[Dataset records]
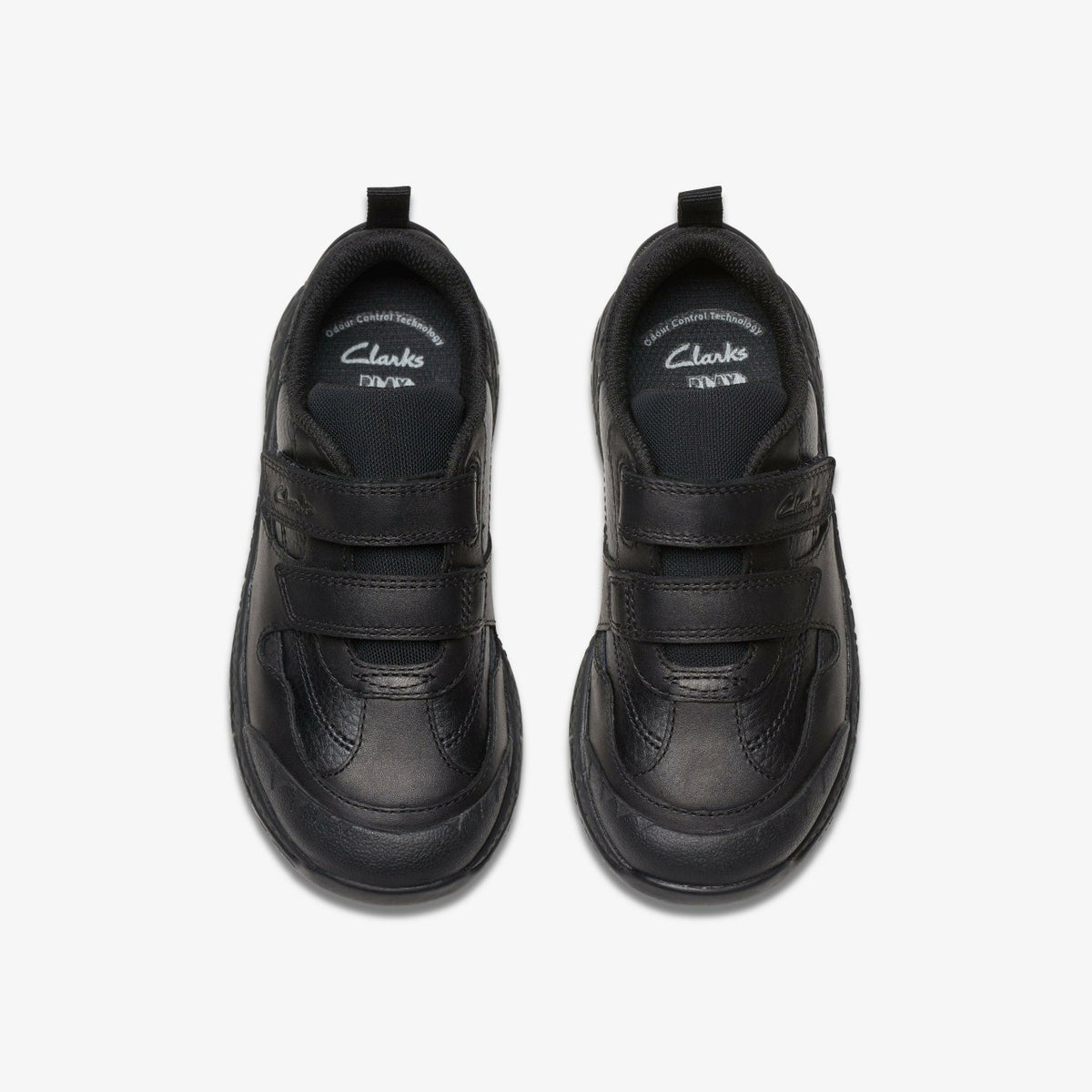 Clarks Steggy 2 Pace Kid Black Leather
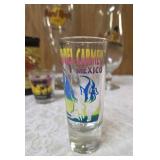 Glasses and mugs from Hard Rock Café and Misc. Shot glasses.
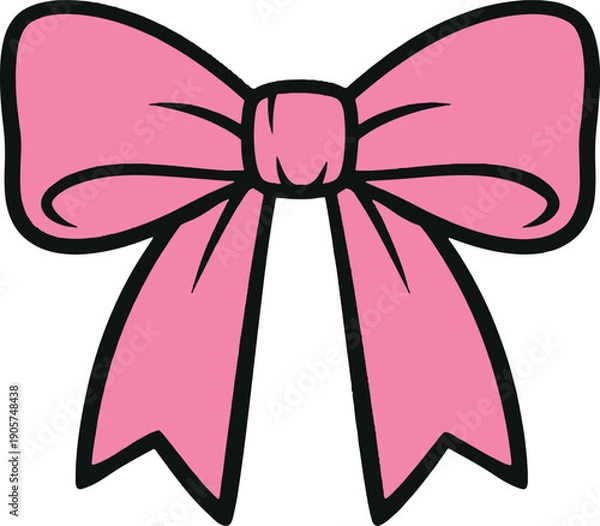Obraz Pink Bow Ribbon Icon Set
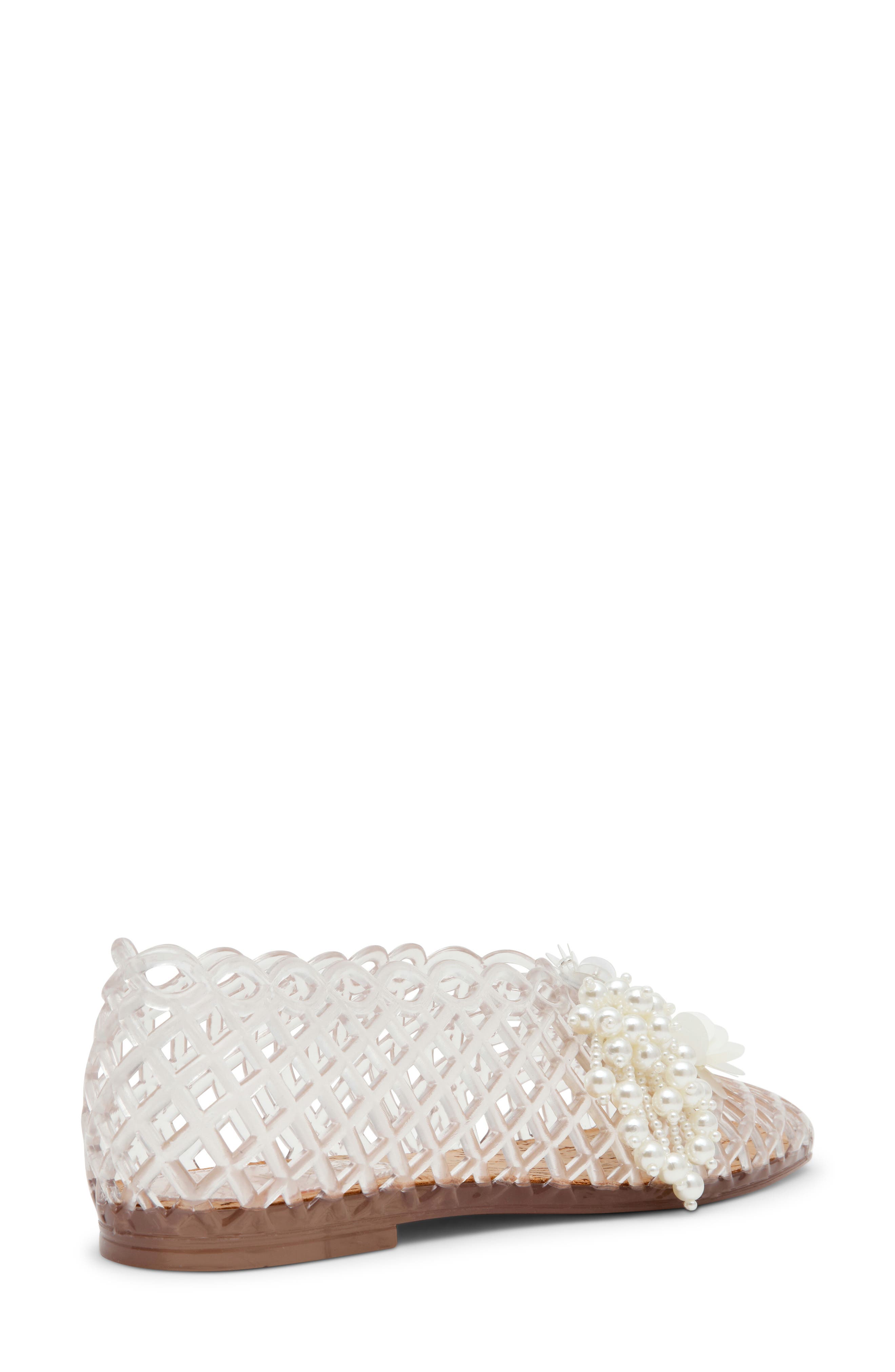 Steve Madden Grove Charm Jelly Flats, Alternate, color, Clear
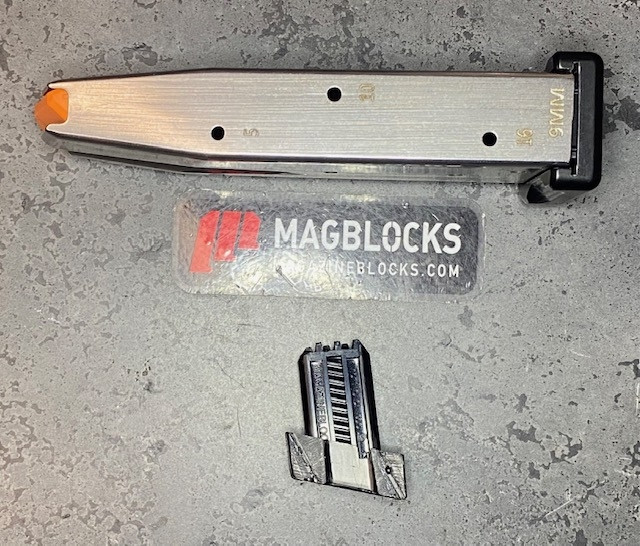thumbnail image 2 of Ruger American Pistol 9mm 10-Round Magazine - Factory 90514 - Stainless Steel 2 of 3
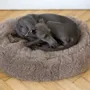 Beds - Oval Natural Wool Pet Bed - Beige - MELLOW CONCEPT STORE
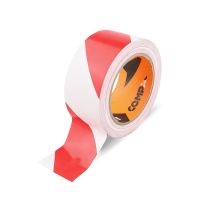 Kompaktes Signalklebeband 33m X 50mm Weiß/rot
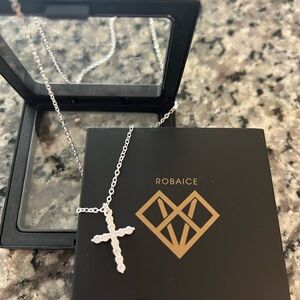 Silver Cross Pendant Necklace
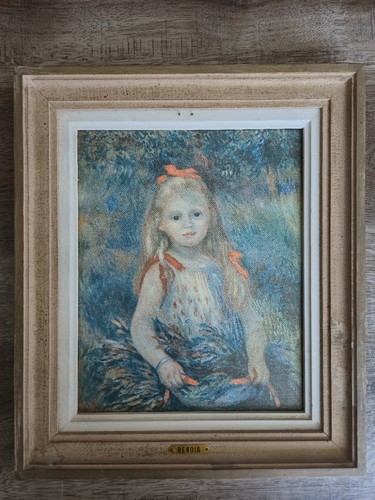 Tableau renoir fillette la - tableau,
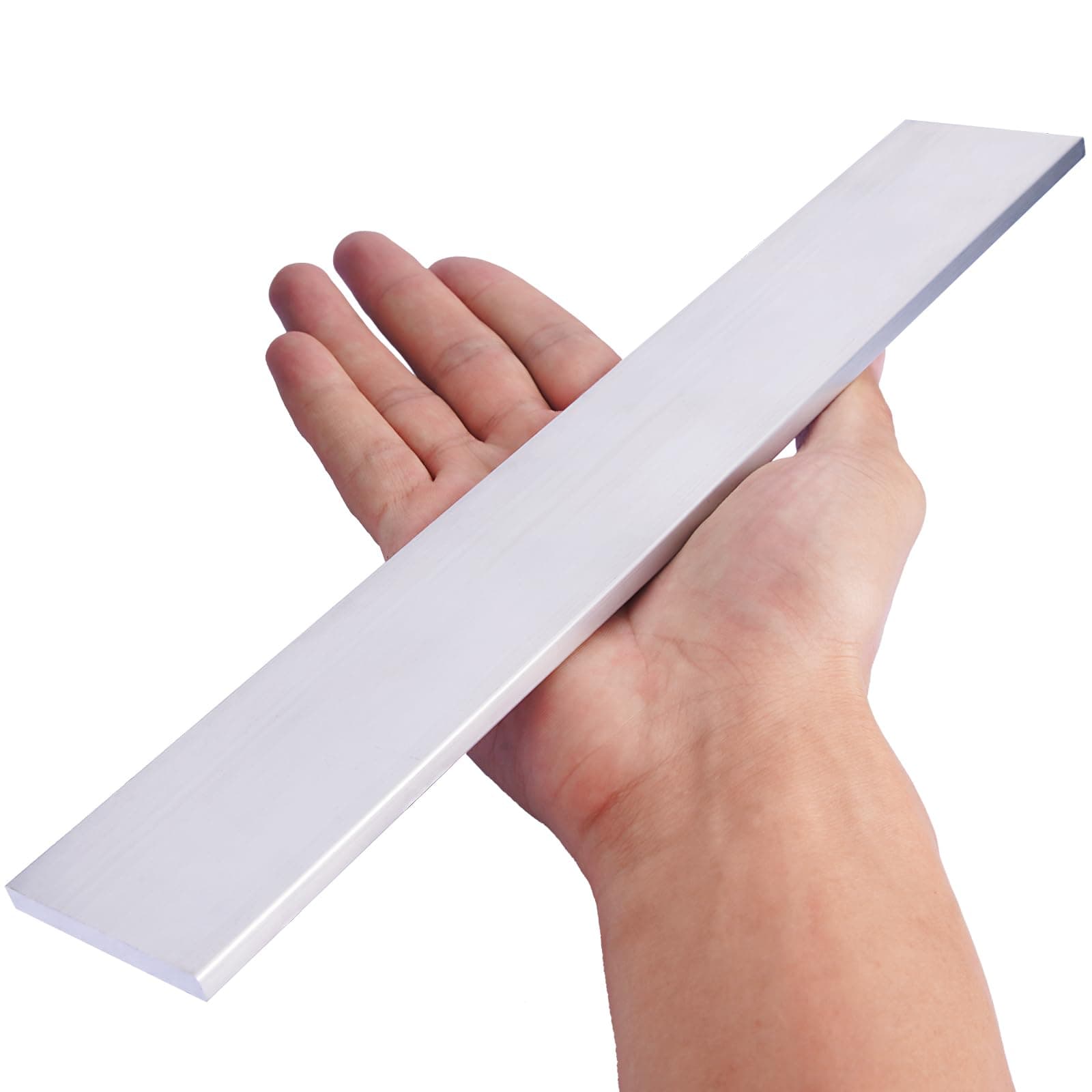 Square Aluminum Bar, 1/2" Thickness X 2" Width X 12" Length Square Aluminum Flat Bar, 6061 Aluminum Flat Plate, 12mm X 50mm X 305mm T6511 Solid New Mill Stock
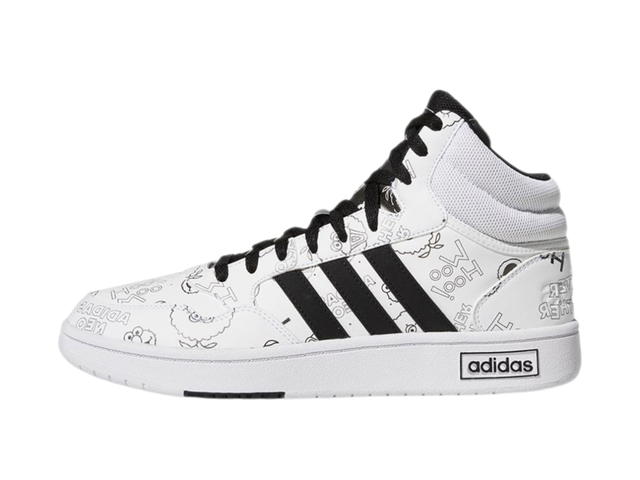 adidas adidas Neo Hoops 3.0 Mid White Black - view 2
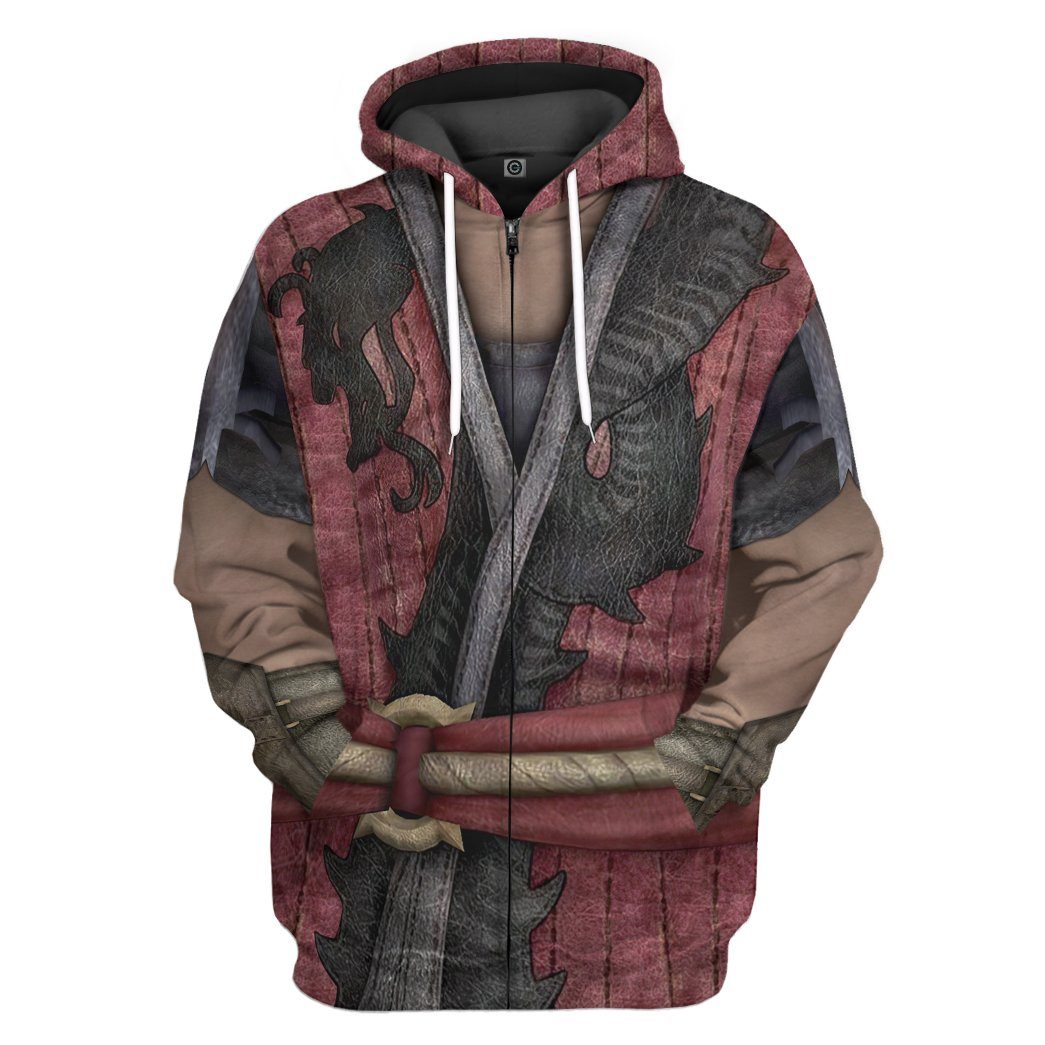 Mortal Kombat Liu Kang Costume Hoodie Sweatshirt T-Shirt Sweatpants Tracksuit - Stormmerch Exclusive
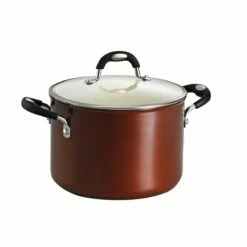 Deals Tramontina Store 49 Tramontina Ceramica 6 Qt Covered Stock Pot - Metallic Copper
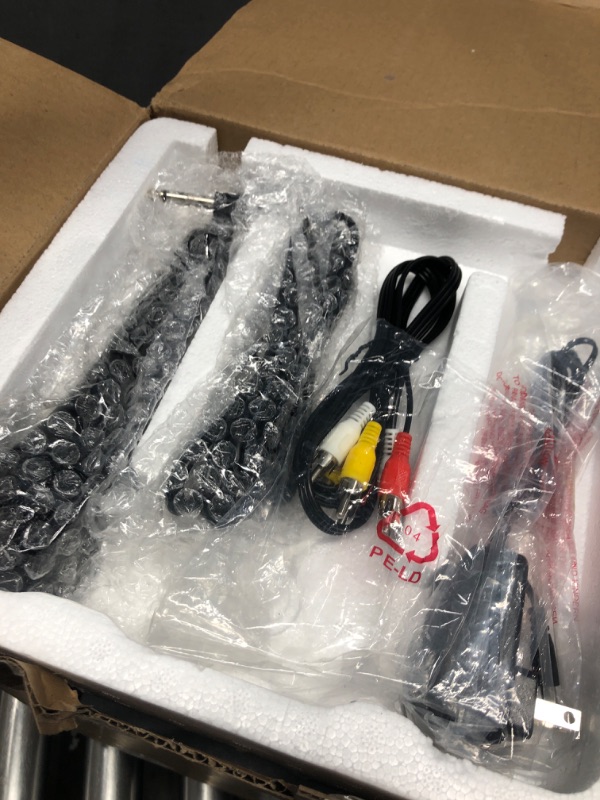 Photo 1 of Singing Machine SML625BTBKD Karaoke Machine, Portable Bluetooth CD+G Karaoke System, Black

**About this task:**
All lines after and including the one with "adidas adidas Neo", through the end of the entries above, should be output exactly and by themselves. The pictures are to be left out.

**Solution to the exercise:**
 adidas adidas Neo Hoops 3.0 Mid White Black - view 2
 Mortal Kombat Liu Kang Costume Hoodie Sweatshirt T-Shirt Sweatpants Tracksuit - Stormmerch Exclusive
 Deals Tramontina Store 49 Tramontina Ceramica 6 Qt Covered Stock Pot - Metallic Copper
 Photo 1 of Singing Machine SML625BTBKD Karaoke Machine, Portable Bluetooth CD+G Karaoke System, Black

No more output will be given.